Kovid-19 salgınının ekonomilerde yarattığı tedirginlik ve belirsizlikler nedeniyle endeks, nisan ayında 52,4'e kadar gerilemişti.
Ekonomi yönetimince alınan önlemler ve sağlanan desteklerle hızlı bir toparlanma sürecine giren endeks, üst üste 5'inci ayda yükselerek eylülde 88,5'e ulaştı. Endeks ocakta ve şubatta 98,3, martta 93,1, nisanda 52,4, mayısta 62,7, haziranda 73,5, temmuzda 83,1 ve ağustosta 85,9 seviyesindeydi.
Döviz kuru vurgusu
Başkent Üniversitesi İktisadi İdari Bilimler Fakültesi İşletme Bölümü Dr. Öğretim Üyesi Ayşegül Ak, AA muhabirine yaptığı değerlendirmede, yurt içinde mart ayında ilk vakanın görülmesinin ardından alınan tedbirler ve yaşanan belirsizlik ortamı nedeniyle güven endeksinin aşağı yönlü seyir izlediğini söyledi.
Sonraki dönemde salgına yönelik önlemlerin gevşetilmesi, iş yerlerinin yeniden açılması ve küresel çapta aşı çalışmalarında somut adımların atılmasıyla endekste dipten dönüşün gerçekleştiğini ifade eden Ak, şunları kaydetti:
"Ekonomilerin gelecek dönemde kapanmayacağının sinyalinin verilmesi ve salgının bitmesine yönelik beklentiler ekonomik güven endeksi ve diğer güven endekslerine yukarı yönlü katkı sağlıyor. Ancak döviz kurlarındaki yukarı yönlü hareketler beklentileri aşağı yönlü etkiliyor. Kur geçişkenliği etkisiyle döviz kurundaki yukarı yönlü seyir, maliyetler üzerinden enflasyonu ve ilintili beklentileri olumsuz etkilerken güven endeksleri üzerinde baskı oluşturuyor."
"Güven endeksinde yükselişler devam edebilir"
Bahçeşehir Üniversitesi Öğretim Görevlisi Dr. İsmet Demirkol da ekonomik güven endeksinin yükselmesinde reel kesim ve hizmet sektörü güven endekslerindeki artışların olumu etkisine işaret etti.

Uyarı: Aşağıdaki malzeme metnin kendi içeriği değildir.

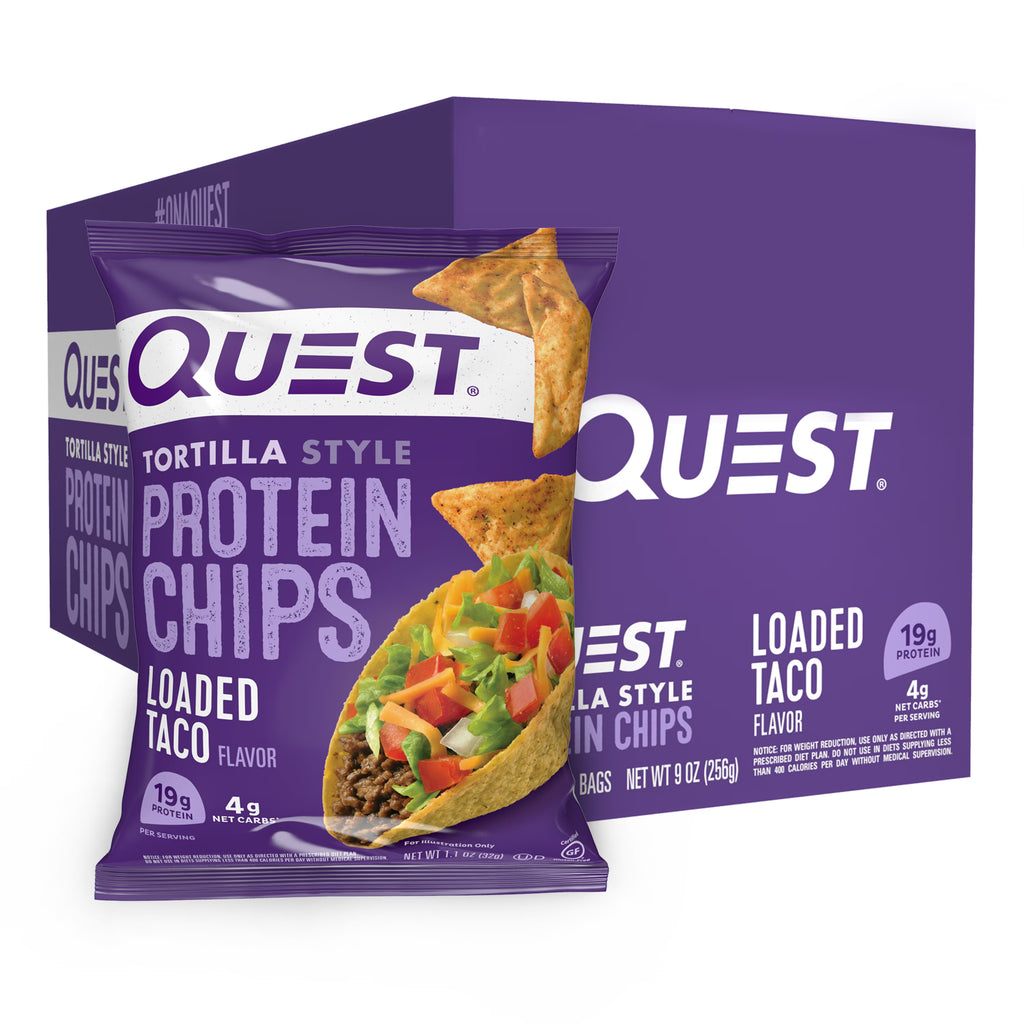 Loaded Taco Tortilla Style Protein Chips (8 Bags) O436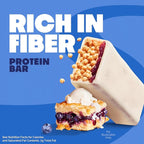 Quest Nutrition Crispy Blueberry Cobbler Hero Protein Bar, 16g Protein, 1g Sugar, 3g Net Carb, Gluten Free Protein Snack, Keto Friendly, 4 Count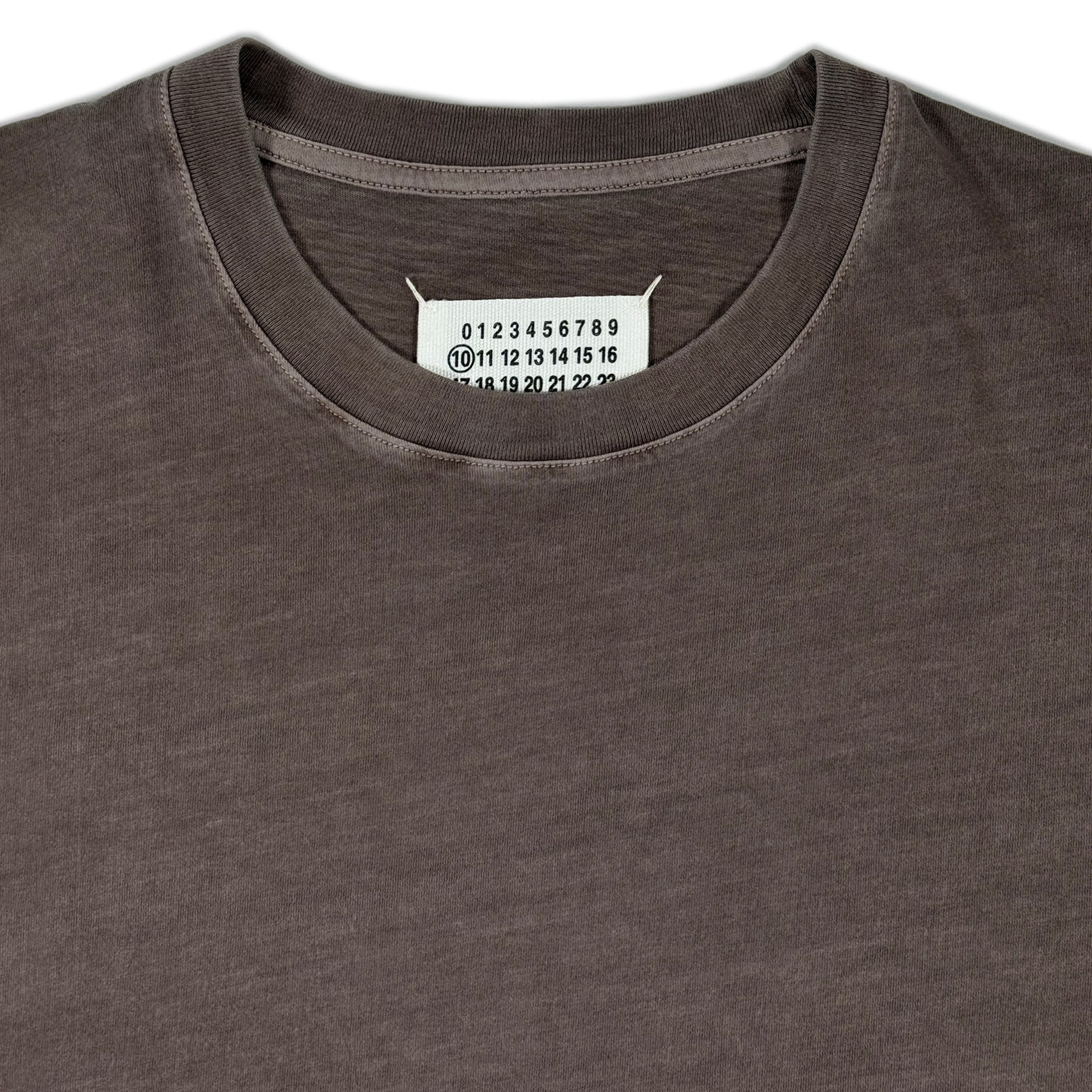 Line 10  T-shirt - Enzyme Washed Brown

Türkiye Cumhuriyet Merkez Bankasının (TCMB) faizleri artırmasının etkisiyle kredilerde durgunluğun söz konusu olabileceğini anlatan Demirkol, "Türkiye'nin faiz artırmak yerine reel büyümeye olumlu katkı olması açısından daha çok sermaye çekmesi lazım. Özellikle salgın sonrası Türkiye üretim, tedarik ve lojistik merkezi modelini dünyaya çok iyi tanıtırsa önümüzdeki dönemlerde hem tüketici güven endeksinde hem de ekonomik güven endeksinde yükselişler devam edebilir." değerlendirmesinde bulundu.